# Congratulations Will Nash!!



## Tommy (Jan 24, 2001)

I just spoke to Will Nash. At the Habernero Casting Tournament in Kingsville TX today, Will made a cast of 861'. That betters the existing record (also set in Kingsville) by just over one foot.

Congratulations Will. Well done!!!

Tommy


----------



## Kinnakeeter (May 30, 2009)

Thank you, Tommy. Really looking forward to casting with everyone in the fall!

Will


----------



## Cdog (Mar 18, 2002)

Thats a hell of a cast. Congrats!


----------



## Hudak (Sep 10, 2007)

Congrats Will. Looking forward to you and the rest of the TX crew this fall.


----------



## Led (Feb 1, 2001)

Will, thats a massive cast in those conditions - well done.


----------



## Jeremy Schrader (Feb 7, 2009)

Will , 

Top casting mate , great to see you hitting them especially in the hot conditions.


----------



## big brother (May 15, 2002)

the primo this fall should be something!!
charlie


----------



## Espresso (Mar 18, 2005)

Wow, soon someone will be casting 3 football fields. If 2 1/2 wasn't far enough.


----------



## TONY B (Oct 26, 2009)

Way to go Will . See ya in the fall . I better get to swingin some lead SOON


----------



## Crackerjackshot (May 27, 2010)

I didnt even know that anybody could cast that far.... Nice cast.


----------



## tornasol (Nov 8, 2006)

Congrats Will!!


----------



## Kinnakeeter (May 30, 2009)

Thank you all very much!

Will


----------



## Big Dave (Jan 22, 2001)

Holy Shit 
way to go Will


----------



## Tommy (Jan 24, 2001)

Dave,

You should come down to Shallotte for the Primo Championship in Oct. It will be one for the ages.....

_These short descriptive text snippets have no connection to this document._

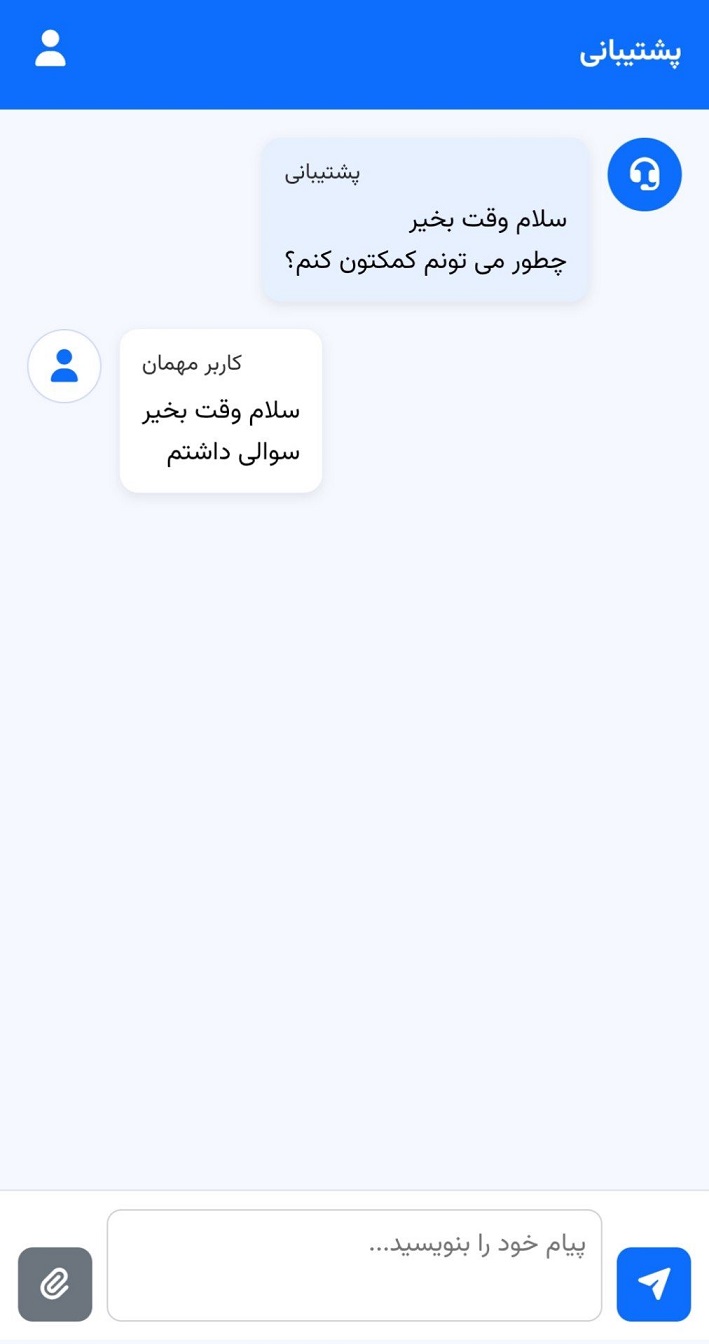 chat image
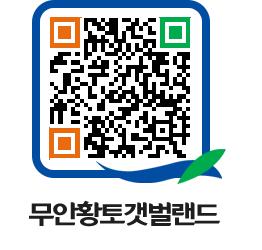 무안황토갯벌랜드 QRCODE 이미지(http://www.muan.go.kr/getbol/0fobco@)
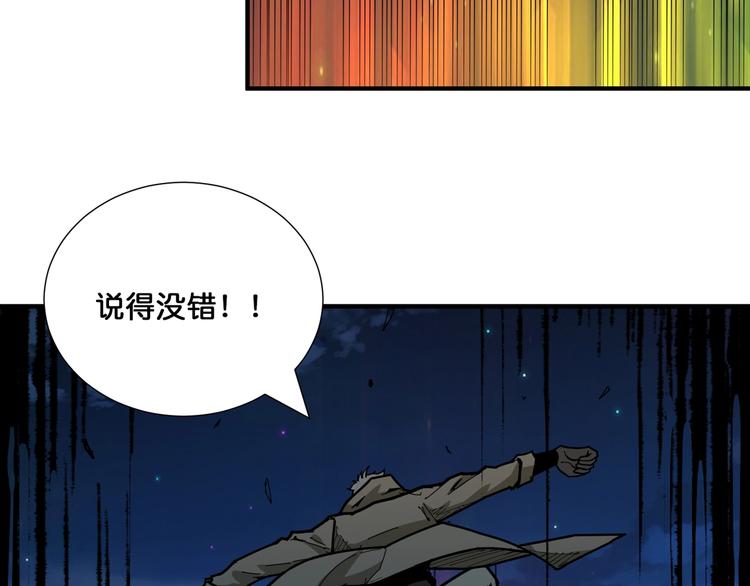 【噬神纪】漫画-（第128话 危险任务）章节漫画下拉式图片-30.jpg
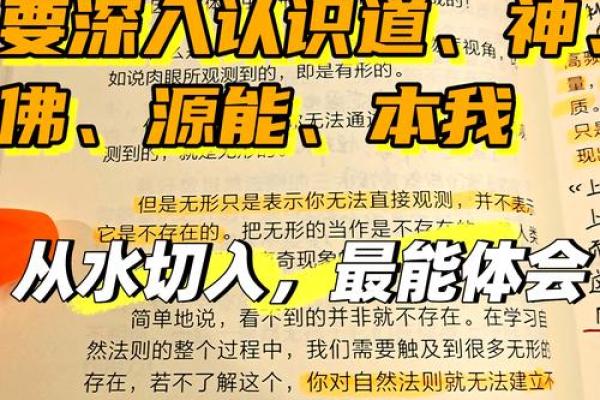 天河水命的起源与解读:探索五行命理中的神秘水属性 天河水命的起源与解读:探索五行命理中的神秘水属性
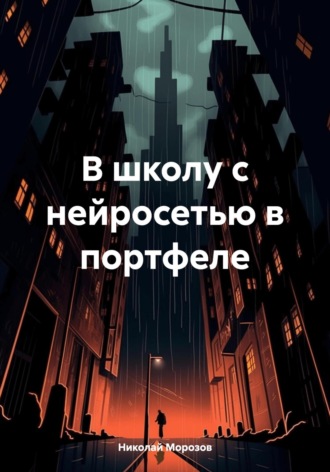 В школу с нейросетью в портфеле. Николай Петрович Морозов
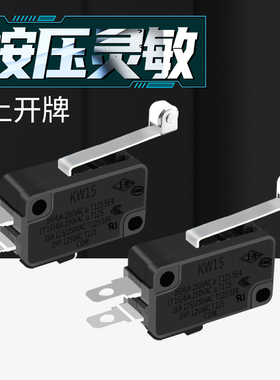 微动开关 KW15 KW1 行程开关 触发开关 UL CE CQC认证镀银点 安防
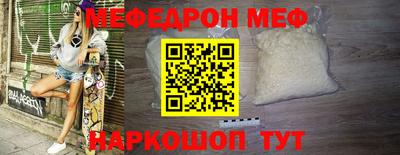 кокс Балашиха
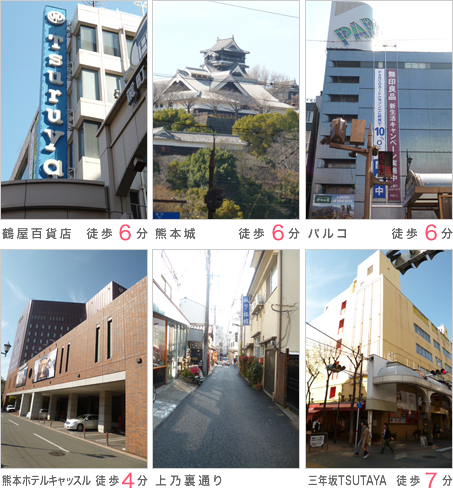 鶴屋百貨店 徒歩6分、熊本城 徒歩6分、パルコ 徒歩6分、熊本ホテルキャッスル 徒歩4分、上乃裏通り 、三年坂ツタヤ 徒歩7分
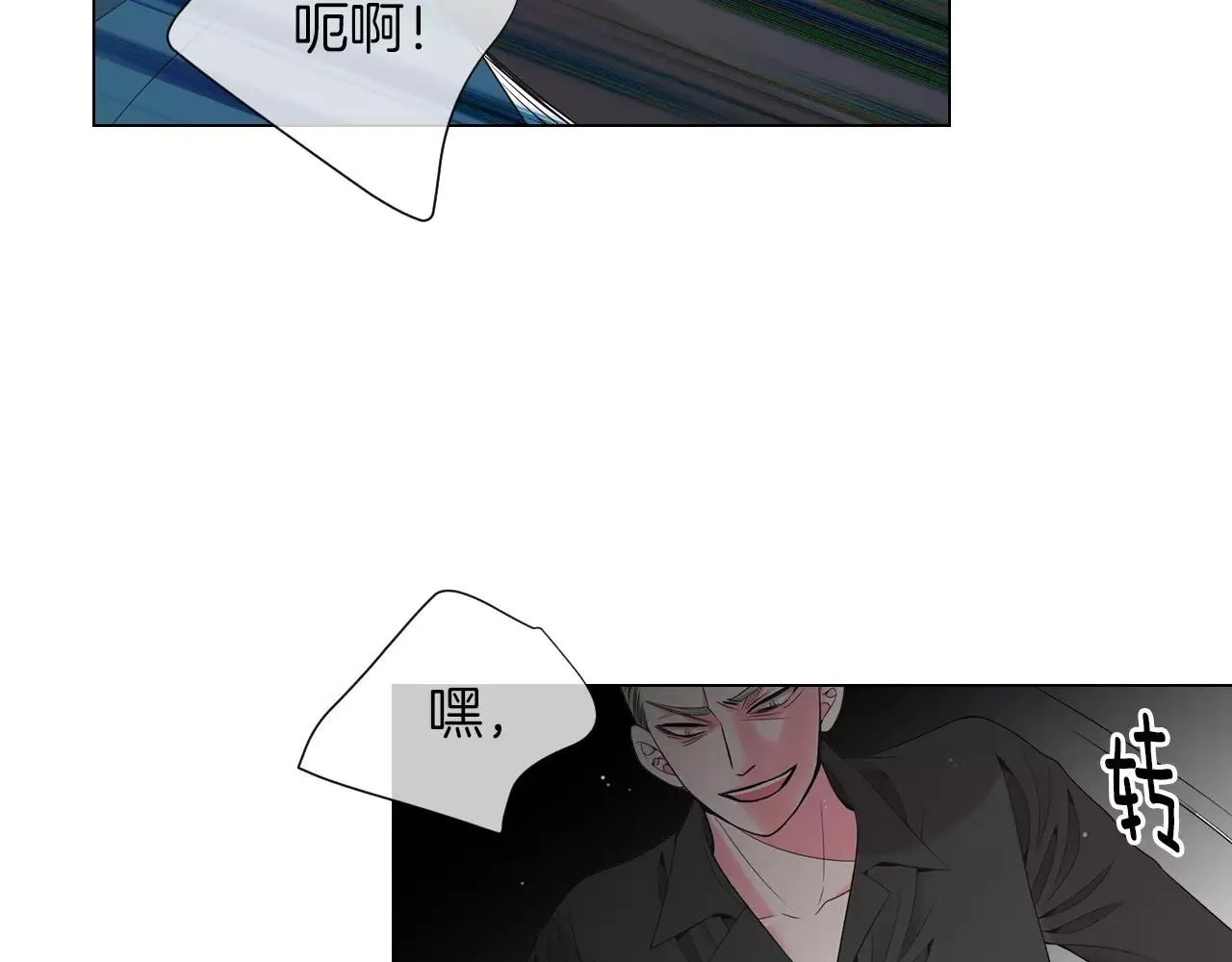 第三季第26话 住手！ 第93页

Headlines go something like this,

_*Young gun and his Texas gang of outlaws travel across this great land to take down the aging but cagey Sheriff from NC........*_

Can he do it????



Tommy


----------



## Big Dave (Jan 22, 2001)

tommy 
I may remove the dust and cobb webs from my gear this summer. well see


----------



## curtisb (Jul 21, 2004)

Go for it Dave. It will be good to see you bending a rod again.


----------



## big brother (May 15, 2002)

and no compasses allowed. LOL
charlie


----------



## SteveZ (Nov 30, 2006)

Tommy said:


> _*Young gun and his Texas gang of outlaws travel across this great land to take down the aging but cagey Sheriff from NC........*_


They did a song about this 100 years ago..."I fought the law and law won"...my $$'s on the sheriff...


----------



## Tommy (Jan 24, 2001)

I don't know Steve..... 

Will is a serious young gunslinger .... 

Oct. will tell the tale

Tommy


----------



## RuddeDogg (Mar 20, 2004)

WOW!!!! Congrats....


----------